Kaar Kaas Sonn revendique une filiation avec Brassens. Effectivement, on retrouve chez lui un goût pour l’effronterie salace, et pour la dénonciation des bassesses humaines. KKS est un Ovni parce qu’il ose des paroles comme « la problématique des bases militaires françaises » ; parce qu’il est capable de parler de sexe sans détour, puis d’embrayer sur Montréal, la crise économique ou les prêtres pédophiles. Au fur et à mesure se dessinent ses thèmes de prédilection : les femmes, la politique mondiale, l’Afrique. Tchadien et lavallois d’adoption, il n’épargne pas non plus les bonnes âmes occidentales. KKS vit ici, mais a gardé ses yeux d’Africain, et nous rappelle ce qu’on oublie de voir chez nous.
KKS est un Ovni aussi parce qu’il est prolixe : il s’étend sur 19 titres ! Devant cette quantité, on trouve bien quelques faiblesses mais 19 titres, c’est un album photo qu’on peut ouvrir où l’on veut. KKS propose et on dispose. On pioche et parfois jaillissent de géniales pépites : des refrains marquants ou des bijoux d’ironie comme dans « Casse-toi pov’ con » ou dans cette berceuse moqueuse pour tyran d’Afrique.
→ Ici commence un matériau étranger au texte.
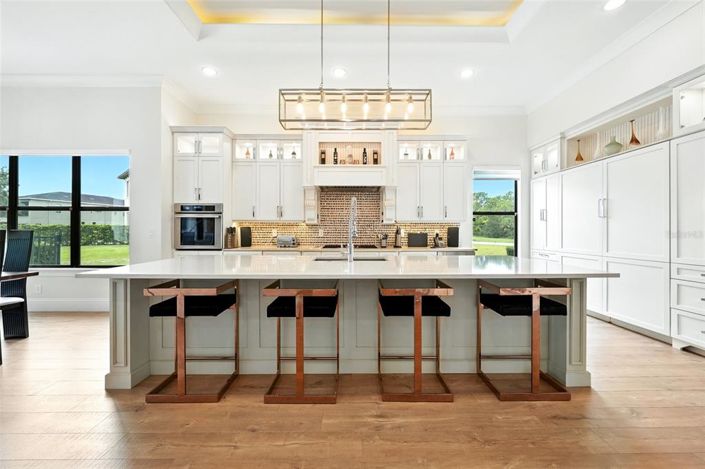 Image No.17-7 Bed Property for sale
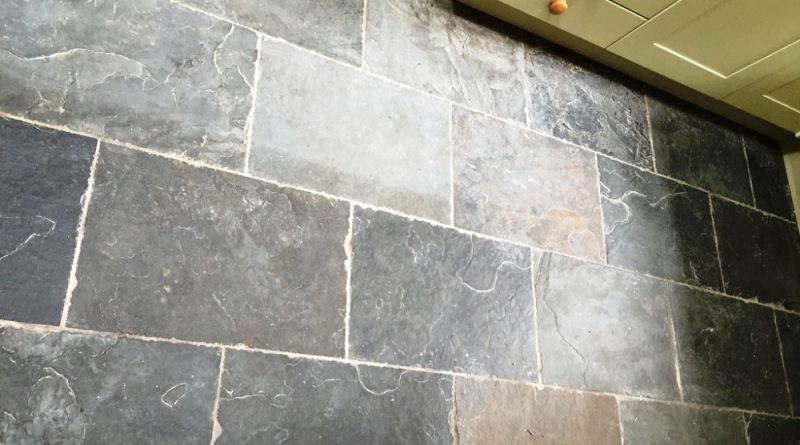 Refreshing The Appearance Of A Slate Tiled Kitchen Tiling Tips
Sur ce second album, KKS a fait des choix musicaux judicieux. Comment accompagner des textes qui s’écoutent avec attention ? KKS a trouvé l’équilibre. L’Afrique entre en arrière plan musical : percussions, choeurs, un écho de balafon, et surtout un saxophone qui élève le débat.
Comme tout Ovni, KKS peut déranger, mais, comme tout Ovni, il peut se targuer d’avoir une identité qui fait la différence dans le brouhaha uniformisé de notre village global.